__What is needed__
Please reproduce the data below exactly, from the first line through the line containing "Wide Strap Plus Size Bra Lace Lingerie", and leave every later line out.

*** Given records ***

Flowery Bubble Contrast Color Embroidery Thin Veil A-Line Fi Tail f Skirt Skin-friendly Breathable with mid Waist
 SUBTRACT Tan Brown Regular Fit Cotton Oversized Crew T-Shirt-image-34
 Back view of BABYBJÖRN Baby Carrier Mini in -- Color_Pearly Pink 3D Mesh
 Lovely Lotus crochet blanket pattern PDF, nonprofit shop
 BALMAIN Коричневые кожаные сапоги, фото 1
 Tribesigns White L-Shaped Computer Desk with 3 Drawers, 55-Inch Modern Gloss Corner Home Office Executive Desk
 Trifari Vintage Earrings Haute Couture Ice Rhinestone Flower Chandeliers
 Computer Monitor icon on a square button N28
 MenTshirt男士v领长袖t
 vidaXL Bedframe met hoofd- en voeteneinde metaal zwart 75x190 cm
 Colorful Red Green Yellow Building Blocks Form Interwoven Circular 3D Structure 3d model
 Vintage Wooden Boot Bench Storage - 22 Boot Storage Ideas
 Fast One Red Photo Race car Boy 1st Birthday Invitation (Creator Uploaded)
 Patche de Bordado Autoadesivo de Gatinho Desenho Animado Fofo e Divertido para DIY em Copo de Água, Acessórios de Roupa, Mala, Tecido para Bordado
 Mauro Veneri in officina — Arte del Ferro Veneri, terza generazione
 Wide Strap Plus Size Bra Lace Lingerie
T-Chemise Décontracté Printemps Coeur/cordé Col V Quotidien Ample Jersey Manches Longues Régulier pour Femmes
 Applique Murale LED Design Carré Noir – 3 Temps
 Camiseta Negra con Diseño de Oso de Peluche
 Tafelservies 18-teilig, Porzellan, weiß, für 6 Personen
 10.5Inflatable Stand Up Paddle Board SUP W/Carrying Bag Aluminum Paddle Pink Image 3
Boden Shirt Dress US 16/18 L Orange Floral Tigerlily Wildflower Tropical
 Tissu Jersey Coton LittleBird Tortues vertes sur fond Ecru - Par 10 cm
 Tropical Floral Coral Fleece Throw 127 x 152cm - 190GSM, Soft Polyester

*** End of Given records ***

__Response for this exercise__
Flowery Bubble Contrast Color Embroidery Thin Veil A-Line Fi Tail f Skirt Skin-friendly Breathable with mid Waist
 SUBTRACT Tan Brown Regular Fit Cotton Oversized Crew T-Shirt-image-34
 Back view of BABYBJÖRN Baby Carrier Mini in -- Color_Pearly Pink 3D Mesh
 Lovely Lotus crochet blanket pattern PDF, nonprofit shop
 BALMAIN Коричневые кожаные сапоги, фото 1
 Tribesigns White L-Shaped Computer Desk with 3 Drawers, 55-Inch Modern Gloss Corner Home Office Executive Desk
 Trifari Vintage Earrings Haute Couture Ice Rhinestone Flower Chandeliers
 Computer Monitor icon on a square button N28
 MenTshirt男士v领长袖t
 vidaXL Bedframe met hoofd- en voeteneinde metaal zwart 75x190 cm
 Colorful Red Green Yellow Building Blocks Form Interwoven Circular 3D Structure 3d model
 Vintage Wooden Boot Bench Storage - 22 Boot Storage Ideas
 Fast One Red Photo Race car Boy 1st Birthday Invitation (Creator Uploaded)
 Patche de Bordado Autoadesivo de Gatinho Desenho Animado Fofo e Divertido para DIY em Copo de Água, Acessórios de Roupa, Mala, Tecido para Bordado
 Mauro Veneri in officina — Arte del Ferro Veneri, terza generazione
 Wide Strap Plus Size Bra Lace Lingerie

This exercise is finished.